Description of the task:
Whatever pictures the entries hold, omit them, and output exactly the lines from the one containing "Picture of 88181T" through the final line.

Recorded data:
##########

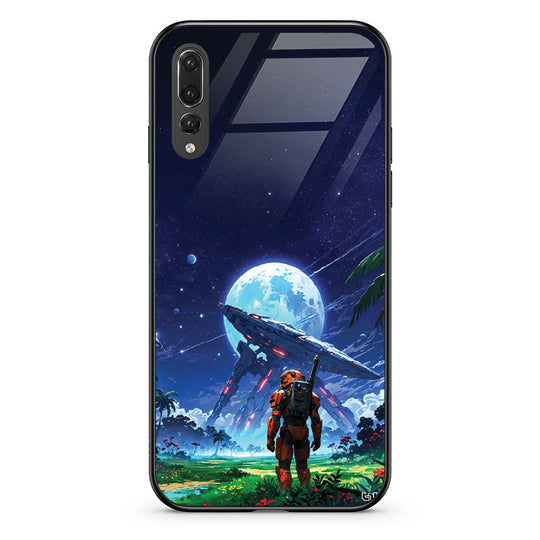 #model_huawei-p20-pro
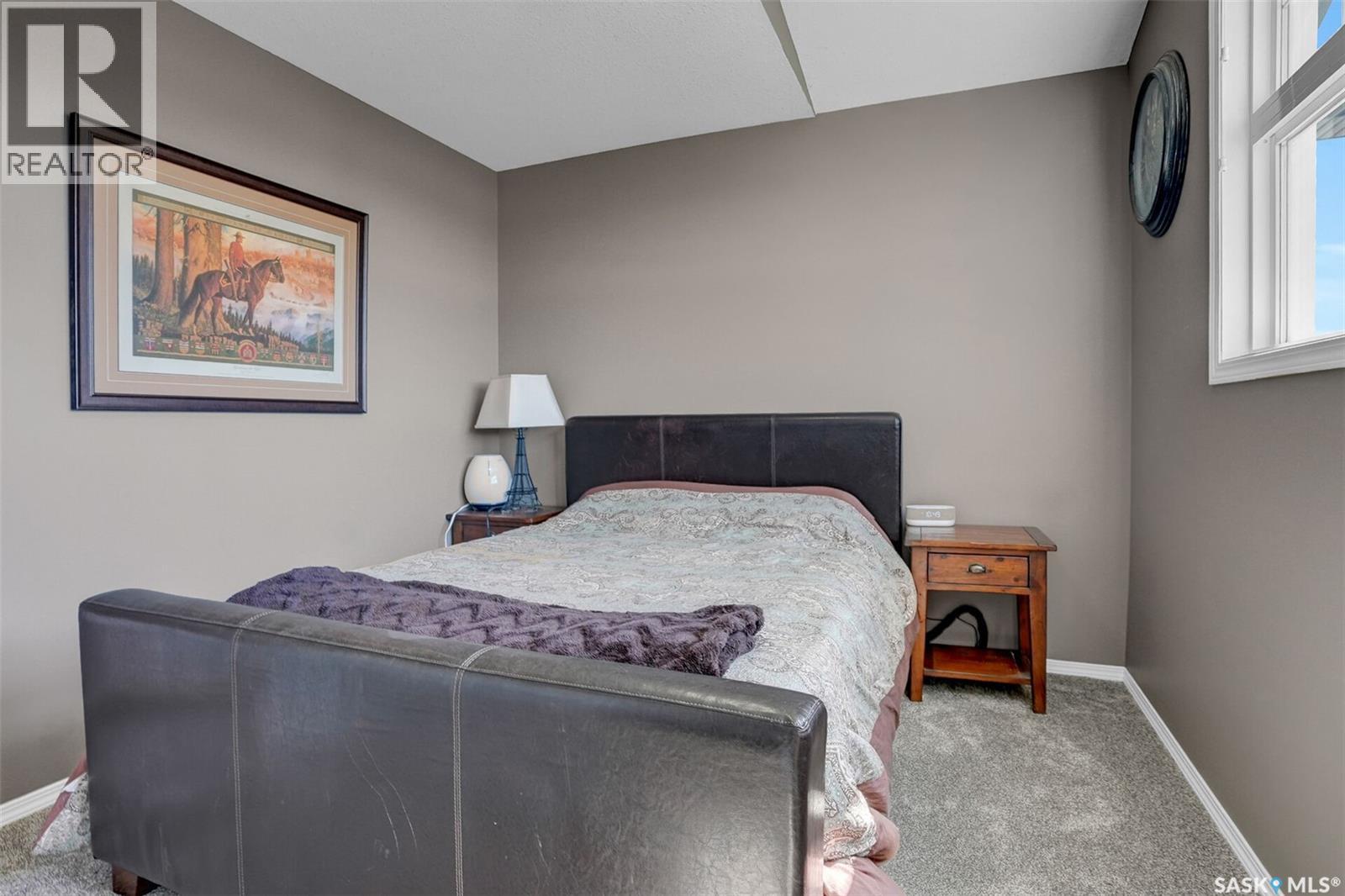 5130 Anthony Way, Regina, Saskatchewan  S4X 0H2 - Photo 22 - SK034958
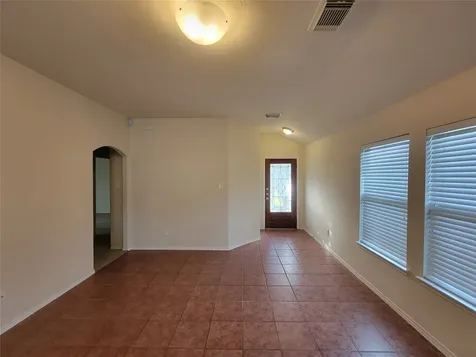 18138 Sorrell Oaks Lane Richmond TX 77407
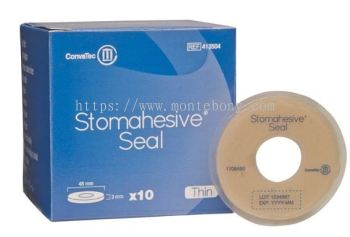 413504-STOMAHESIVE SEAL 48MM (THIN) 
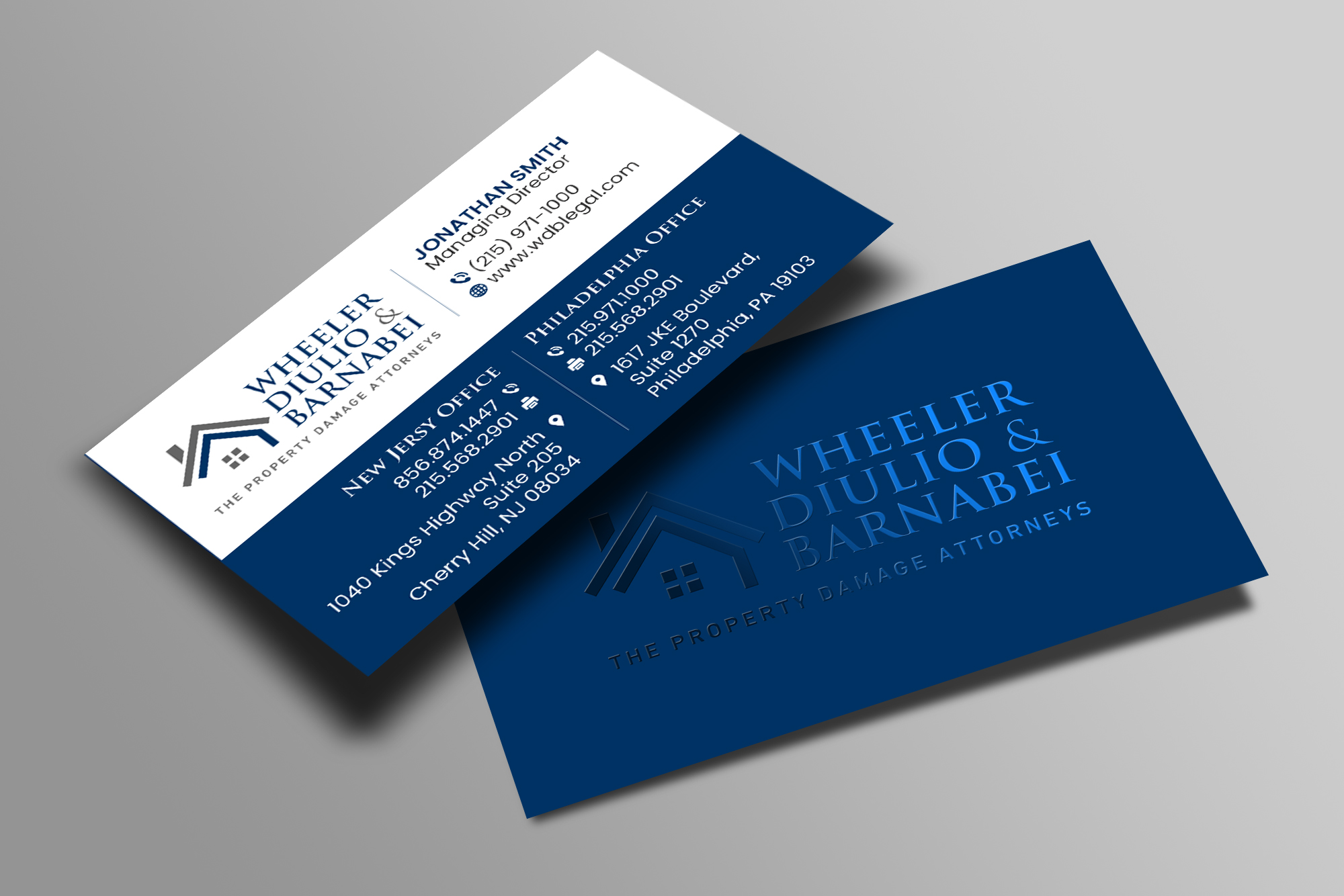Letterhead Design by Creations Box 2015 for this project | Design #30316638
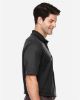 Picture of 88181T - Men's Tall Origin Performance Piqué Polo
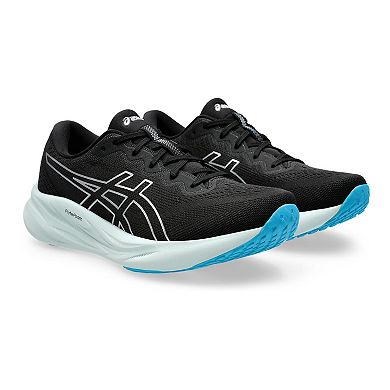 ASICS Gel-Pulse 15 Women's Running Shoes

##########

Your response:
 Picture of 88181T - Men's Tall Origin Performance Piqué Polo
 ASICS Gel-Pulse 15 Women's Running Shoes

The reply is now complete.